Pictures in the entries below are excluded; copy only the lines from the one containing "So if we look" to the one containing "To recap some", both included.
· · ·
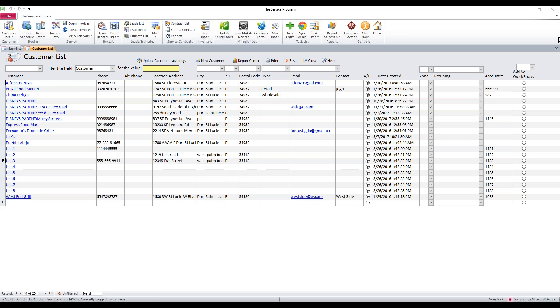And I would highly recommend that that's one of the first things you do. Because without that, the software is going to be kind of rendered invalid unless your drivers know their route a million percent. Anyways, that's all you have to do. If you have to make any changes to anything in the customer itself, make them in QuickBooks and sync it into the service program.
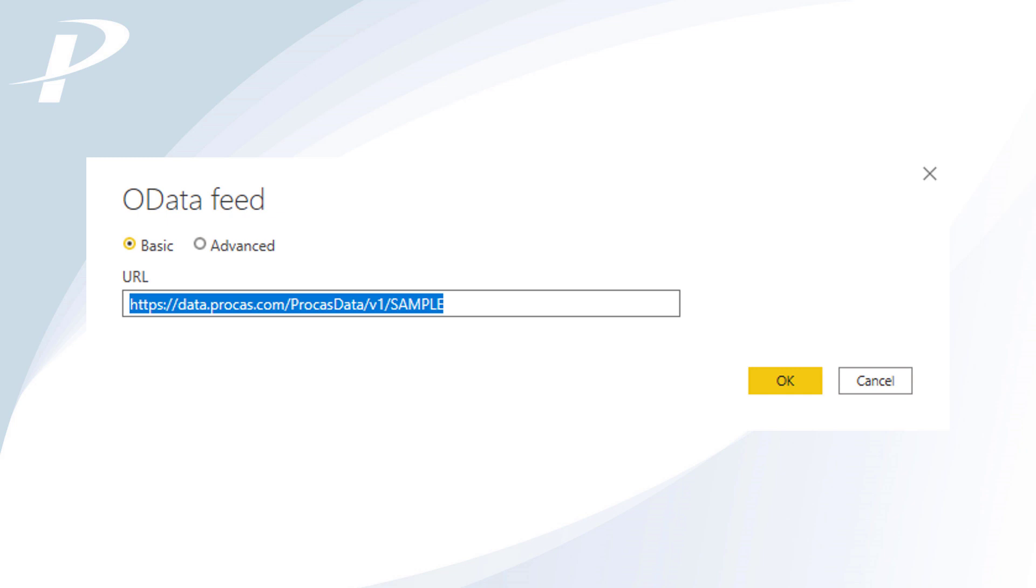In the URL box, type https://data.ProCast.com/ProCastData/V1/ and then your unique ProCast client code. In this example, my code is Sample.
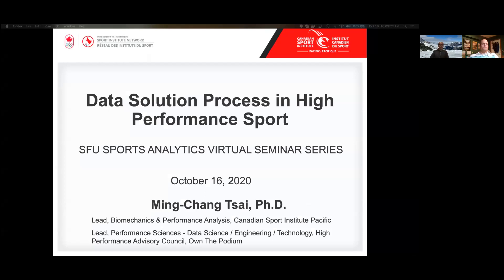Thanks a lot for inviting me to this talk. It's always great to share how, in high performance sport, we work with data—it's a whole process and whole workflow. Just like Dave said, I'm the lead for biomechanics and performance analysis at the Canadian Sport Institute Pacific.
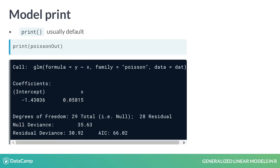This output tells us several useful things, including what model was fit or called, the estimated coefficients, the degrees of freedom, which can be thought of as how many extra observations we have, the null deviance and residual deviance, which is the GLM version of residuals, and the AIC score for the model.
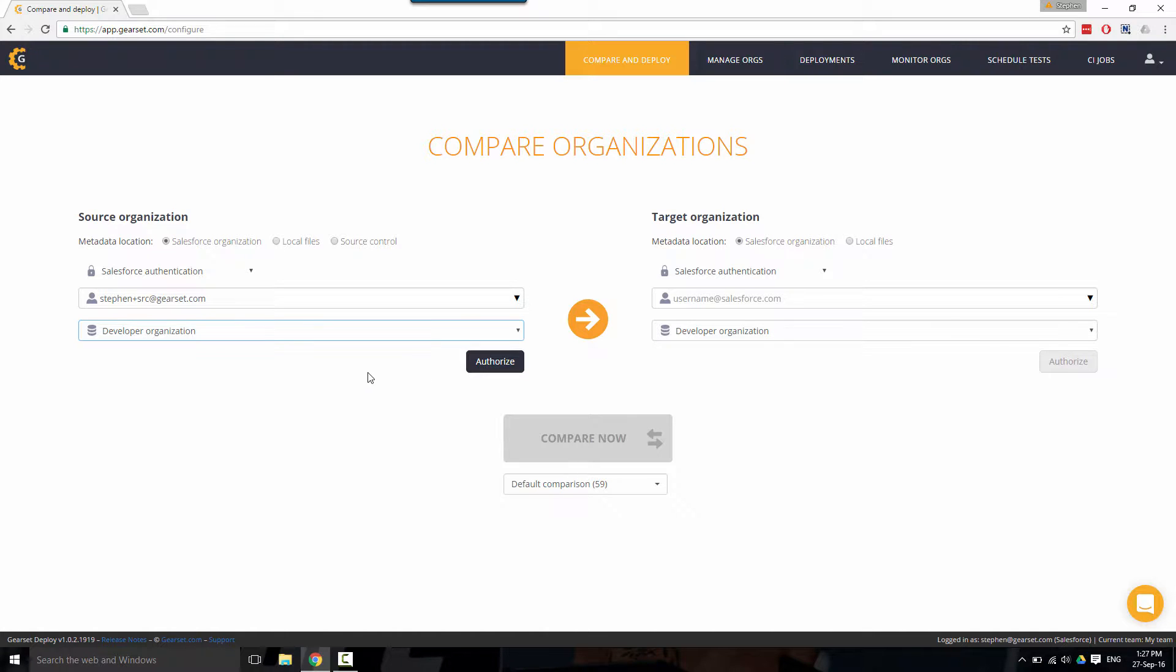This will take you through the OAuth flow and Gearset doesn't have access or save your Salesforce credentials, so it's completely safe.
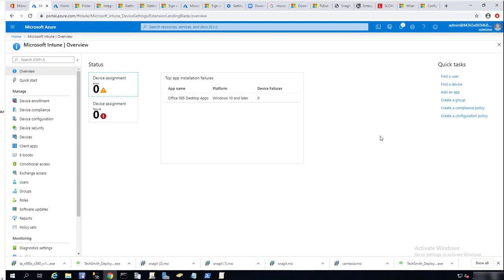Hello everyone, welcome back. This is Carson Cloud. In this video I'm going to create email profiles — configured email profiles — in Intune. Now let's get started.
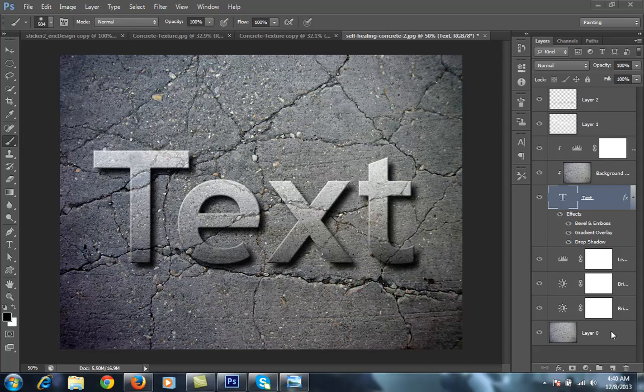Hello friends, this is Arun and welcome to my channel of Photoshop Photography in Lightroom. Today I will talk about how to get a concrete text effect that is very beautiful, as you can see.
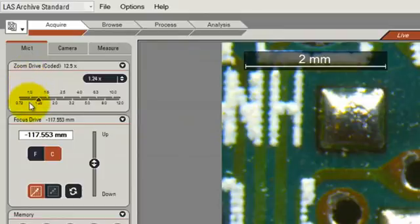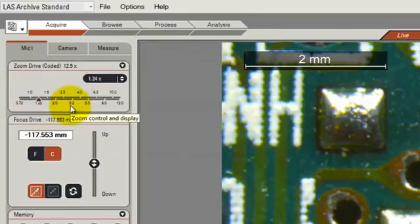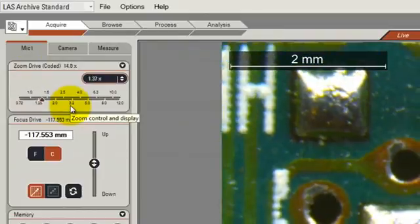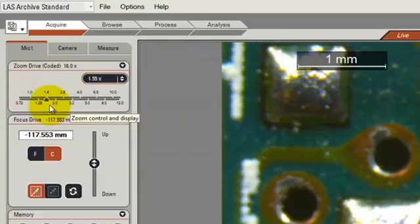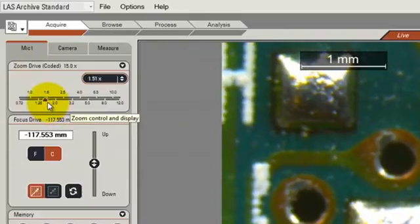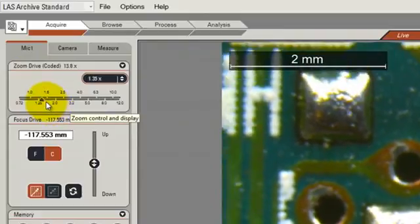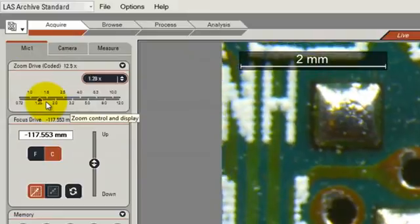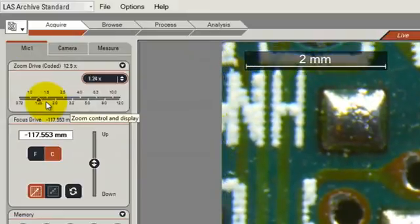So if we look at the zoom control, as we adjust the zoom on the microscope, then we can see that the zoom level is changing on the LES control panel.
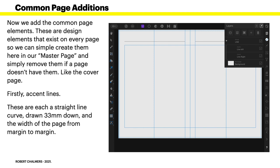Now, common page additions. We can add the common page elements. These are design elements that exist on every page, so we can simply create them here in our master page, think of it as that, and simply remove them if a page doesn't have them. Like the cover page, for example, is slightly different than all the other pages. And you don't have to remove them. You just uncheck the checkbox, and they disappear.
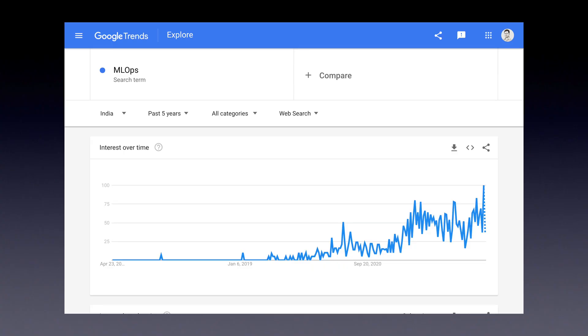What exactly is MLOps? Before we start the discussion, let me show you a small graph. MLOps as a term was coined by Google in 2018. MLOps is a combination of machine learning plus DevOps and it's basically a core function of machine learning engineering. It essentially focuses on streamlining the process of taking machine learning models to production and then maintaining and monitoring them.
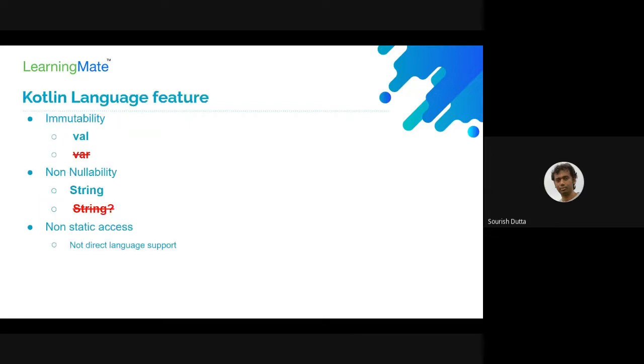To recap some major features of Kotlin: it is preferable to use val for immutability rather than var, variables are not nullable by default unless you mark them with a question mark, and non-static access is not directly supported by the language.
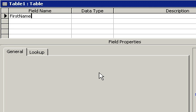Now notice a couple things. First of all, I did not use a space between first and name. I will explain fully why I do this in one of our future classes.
· · ·
#### Result:
So if we look at the zoom control, as we adjust the zoom on the microscope, then we can see that the zoom level is changing on the LES control panel.
Now, common page additions. We can add the common page elements. These are design elements that exist on every page, so we can simply create them here in our master page, think of it as that, and simply remove them if a page doesn't have them. Like the cover page, for example, is slightly different than all the other pages. And you don't have to remove them. You just uncheck the checkbox, and they disappear.
What exactly is MLOps? Before we start the discussion, let me show you a small graph. MLOps as a term was coined by Google in 2018. MLOps is a combination of machine learning plus DevOps and it's basically a core function of machine learning engineering. It essentially focuses on streamlining the process of taking machine learning models to production and then maintaining and monitoring them.
To recap some major features of Kotlin: it is preferable to use val for immutability rather than var, variables are not nullable by default unless you mark them with a question mark, and non-static access is not directly supported by the language.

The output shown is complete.